PREMIS/METS for scalability
The scalability issue
SIPs with very large numbers of files (10,000 or more) tend to create very large METS files. This can cause workflow failures and problems with indexing, storing and parsing the metadata. The issue is how to reduce the verbosity of the PREMIS and METS elements without removing information required for preservation.
Approaches to the problem
Currently, a standard Archivematica METS file is based entirely on the description of PREMIS Files. Each File has its own METS amdSec, containing the following: a techMD; multiple Events, each in its own digiprovMD; and three Agents, each in its own digiprovMD. This means that a single File referenced in the METS fileSec has one linked amdSec.

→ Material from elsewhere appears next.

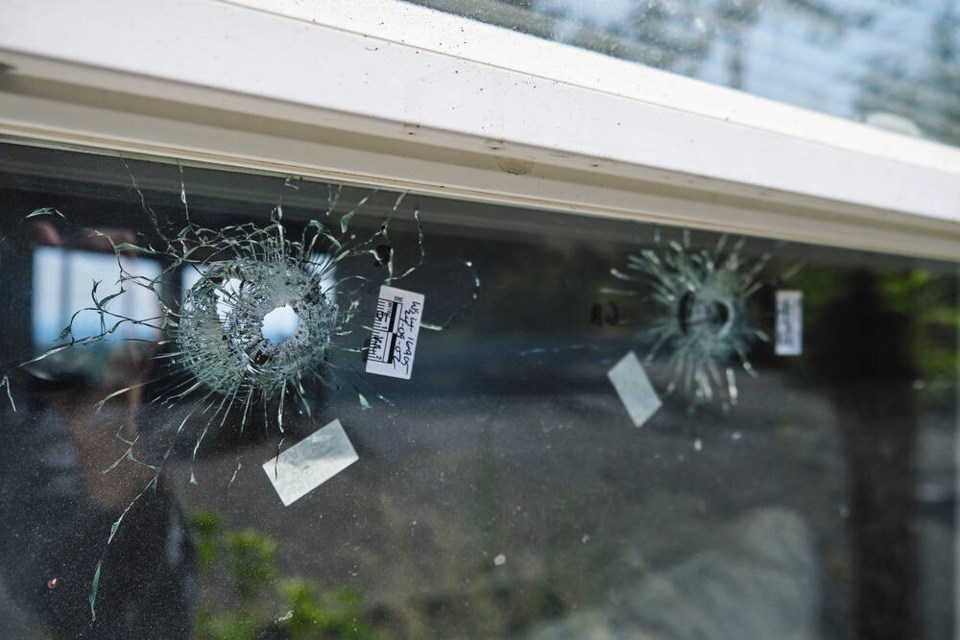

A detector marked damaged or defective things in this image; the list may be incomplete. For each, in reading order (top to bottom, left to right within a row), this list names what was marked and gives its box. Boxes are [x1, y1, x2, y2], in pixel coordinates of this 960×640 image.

shattered glass [0, 144, 956, 640]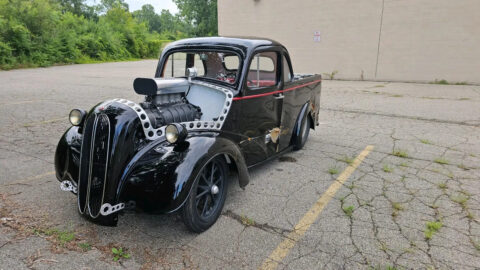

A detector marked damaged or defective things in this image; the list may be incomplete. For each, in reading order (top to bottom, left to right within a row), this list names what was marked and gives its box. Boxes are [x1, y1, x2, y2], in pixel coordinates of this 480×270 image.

cracked asphalt pavement [0, 60, 480, 268]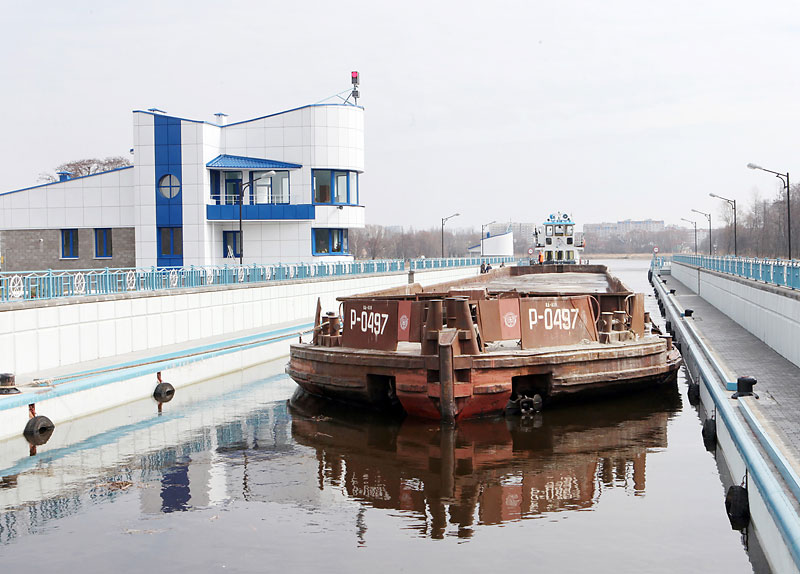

We propose using a premis Representation as a level at which to capture information about Events that are common to all Files, and a single amdSec with premis Agents for the entire AIP. This is more feasbile with the introduction of PREMIS 3.0, which provides a means for creating an Intellectual Entity and one or more Representations of that Entity. This is a diagram depicting the proposed approach:
We’ve mocked up a PREMIS/METS file (METS_reduced.xml). It includes the following changes:
Update from PREMIS 2.2 to 3.0
- Create Intellectual Entity and Representation for AIP. Use premis:relationship to link Representation to Intellectual Entity and Files to Representation.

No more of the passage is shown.